Ever since I found out that I passed my WSET Advanced course last week, I’ve been wanting to break open something truly special to celebrate. However, sickness intervened, so rather than crack a $100+ bottle and write stuff like “smells like nothing” and “my throat hurts” in a review, I decided to wait until the congestion clouds had cleared. This weekend I pronounced myself fit to taste and rummaged through my cellar to find a suitable victory bottle, and as soon as I came to this one, I stopped thinking about any other. However, it’s a bottle built for the long haul, so I was faced with the quandary that every wine lover about to pull the cork on an expensive bottle has had to face: should I open the wine now so I can try it, or will I be undercutting its long-term potential by having it too early? After getting some savvy advice from the amazingly-informed wine community on Twitter (thanks, @peterzachar and @nwtomlee!), I turned to Cayuse’s website for the final verdict. On their FAQ page, there was a question that said: “How soon can I open my wines?” Cayuse’s answer? “A Latin saying insists, ‘There are four reasons for drinking wine: the arrival of a friend; one’s present or future thirst; the excellence of the wine; or any other reason.'” I opened the wine.

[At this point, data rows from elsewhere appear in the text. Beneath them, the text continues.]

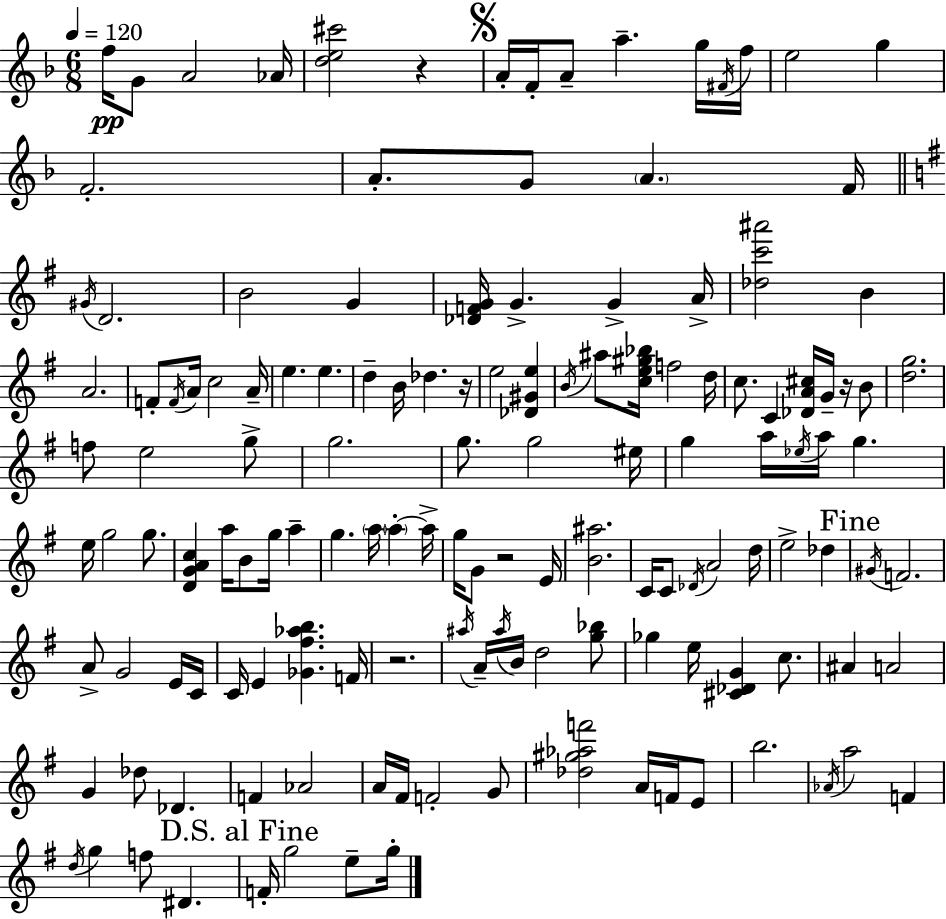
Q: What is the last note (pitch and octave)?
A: G5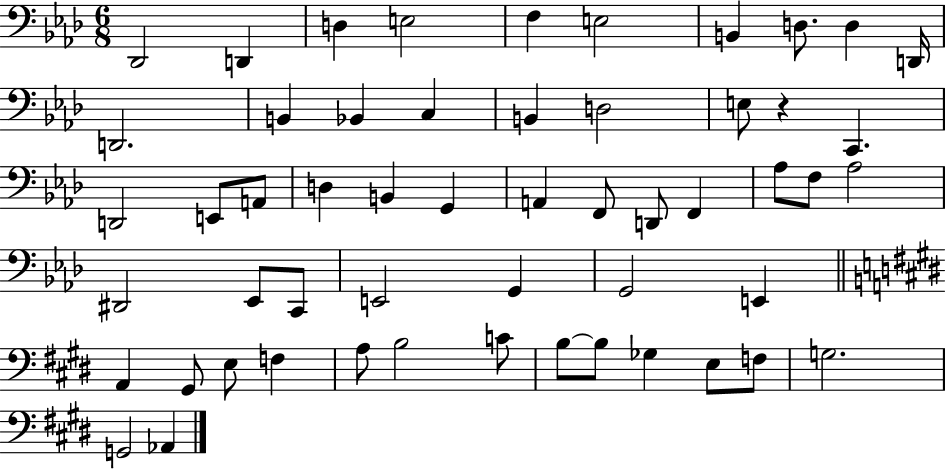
{
  \clef bass
  \numericTimeSignature
  \time 6/8
  \key aes \major
  des,2 d,4 | d4 e2 | f4 e2 | b,4 d8. d4 d,16 | \break d,2. | b,4 bes,4 c4 | b,4 d2 | e8 r4 c,4. | \break d,2 e,8 a,8 | d4 b,4 g,4 | a,4 f,8 d,8 f,4 | aes8 f8 aes2 | \break dis,2 ees,8 c,8 | e,2 g,4 | g,2 e,4 | \bar "||" \break \key e \major a,4 gis,8 e8 f4 | a8 b2 c'8 | b8~~ b8 ges4 e8 f8 | g2. | \break g,2 aes,4 | \bar "|."
}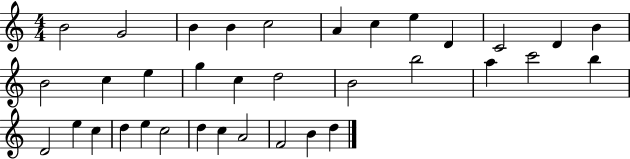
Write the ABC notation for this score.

X:1
T:Untitled
M:4/4
L:1/4
K:C
B2 G2 B B c2 A c e D C2 D B B2 c e g c d2 B2 b2 a c'2 b D2 e c d e c2 d c A2 F2 B d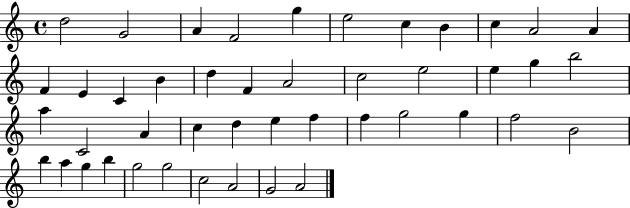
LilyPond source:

{
  \clef treble
  \time 4/4
  \defaultTimeSignature
  \key c \major
  d''2 g'2 | a'4 f'2 g''4 | e''2 c''4 b'4 | c''4 a'2 a'4 | \break f'4 e'4 c'4 b'4 | d''4 f'4 a'2 | c''2 e''2 | e''4 g''4 b''2 | \break a''4 c'2 a'4 | c''4 d''4 e''4 f''4 | f''4 g''2 g''4 | f''2 b'2 | \break b''4 a''4 g''4 b''4 | g''2 g''2 | c''2 a'2 | g'2 a'2 | \break \bar "|."
}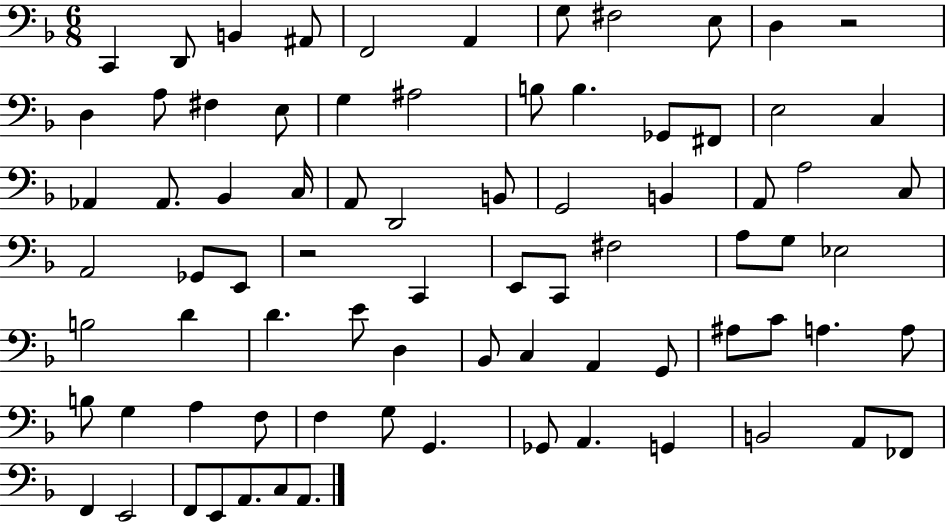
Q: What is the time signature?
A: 6/8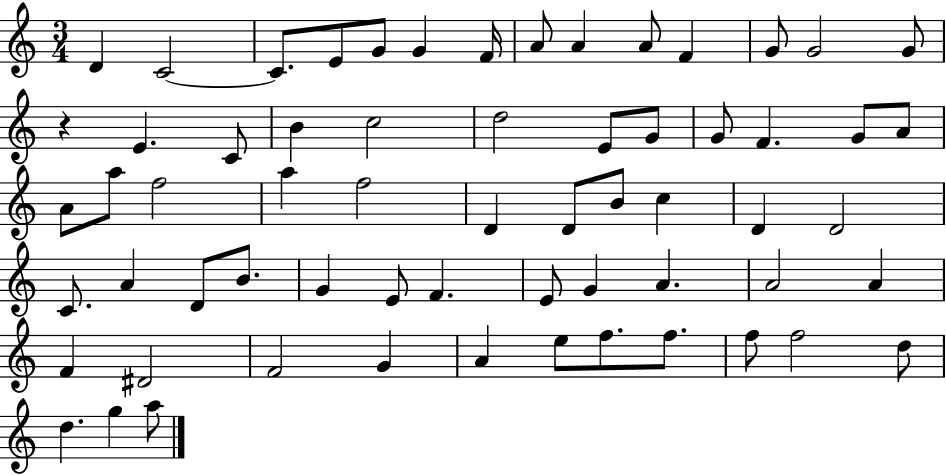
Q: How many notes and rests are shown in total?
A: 63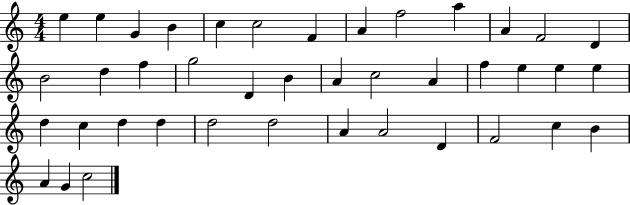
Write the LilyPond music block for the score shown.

{
  \clef treble
  \numericTimeSignature
  \time 4/4
  \key c \major
  e''4 e''4 g'4 b'4 | c''4 c''2 f'4 | a'4 f''2 a''4 | a'4 f'2 d'4 | \break b'2 d''4 f''4 | g''2 d'4 b'4 | a'4 c''2 a'4 | f''4 e''4 e''4 e''4 | \break d''4 c''4 d''4 d''4 | d''2 d''2 | a'4 a'2 d'4 | f'2 c''4 b'4 | \break a'4 g'4 c''2 | \bar "|."
}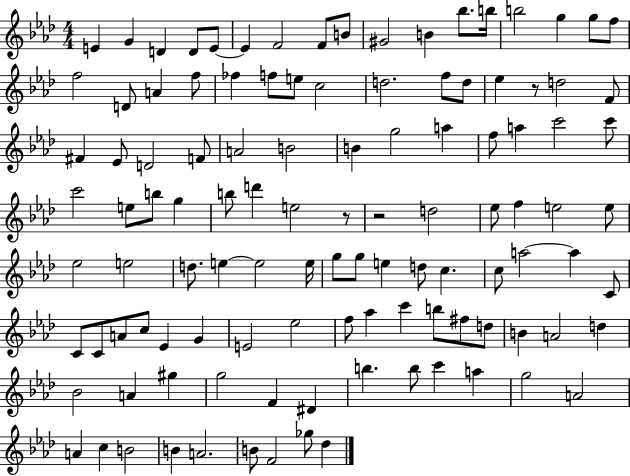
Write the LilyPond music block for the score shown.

I picked the Cayuse because I thought it would be everything that I enjoy about red wine. My favourite red grape is Syrah; my current top obsession for red wine regions is Washington State; I think it’s uncontroversial to say that Cayuse is Washington State’s predominant producer of Syrah. The winery was created by a Frenchman, Christophe Baron, who was born into an ancestral lineage of winemaking in France’s Champagne region. Instead of staying at home and taking over the family business, he travelled the world seeking out opportunities and experiences in wine. He was ultimately going to purchase land and make wine in Oregon’s Willamette Valley, but one day in 1996 he was driving along a highway in southeast Washington State near Walla Walla when he passed by a plot of farmland covered with huge, round, softball-sized stones, exactly like the ones he remembered seeing in France’s Southern Rhone Valley (particularly in Chateauneuf-de-Pape, where the rocks, called galets, are the most distinctive part of the region’s soils). On the spot, he made plans to buy the land and grow wine grapes on it. That land turned into the Cailloux Vineyard (“cailloux” means “stones” in French), was planted with Syrah, and a decade later ended up in this bottle. If that’s not a compelling back story, I don’t know what is.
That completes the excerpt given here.